> _Required action_:
Please transcribe the data below in full, word for word, without the images.

> _Information provided_:

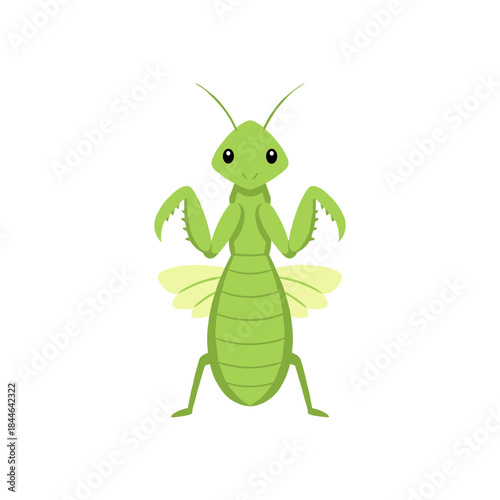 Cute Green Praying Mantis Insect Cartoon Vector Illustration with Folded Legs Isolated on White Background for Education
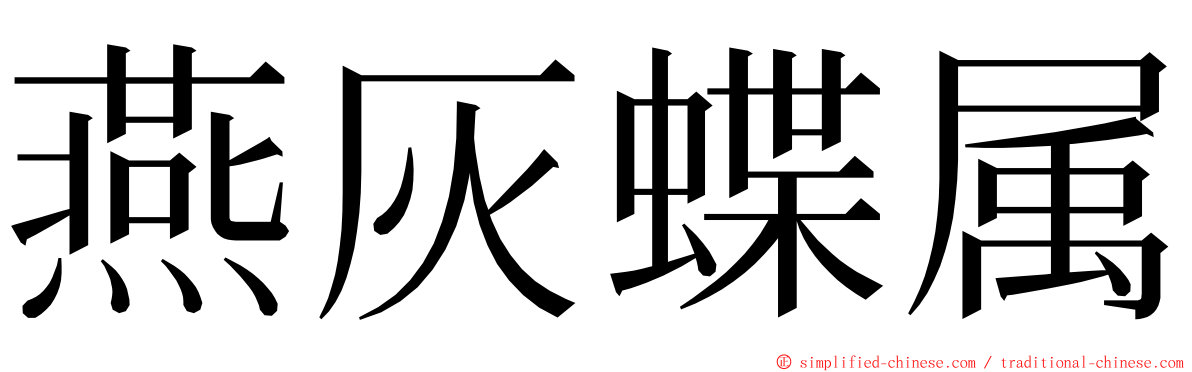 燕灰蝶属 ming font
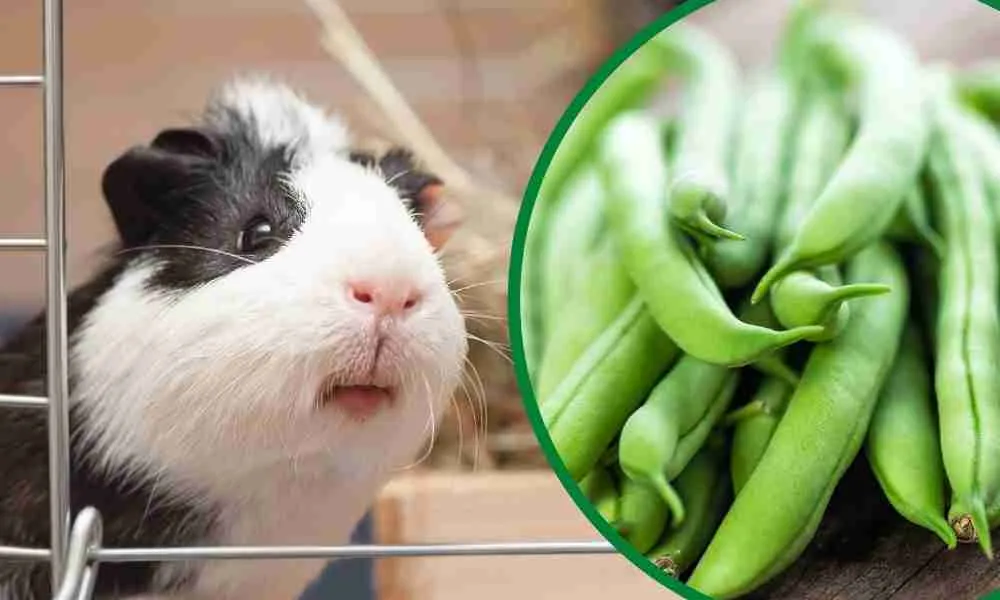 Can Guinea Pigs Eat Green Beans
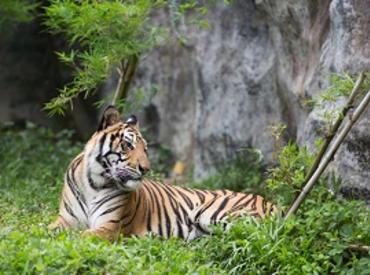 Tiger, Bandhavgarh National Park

> _Written reply_:
 Cute Green Praying Mantis Insect Cartoon Vector Illustration with Folded Legs Isolated on White Background for Education
 燕灰蝶属 ming font
 Can Guinea Pigs Eat Green Beans
 Tiger, Bandhavgarh National Park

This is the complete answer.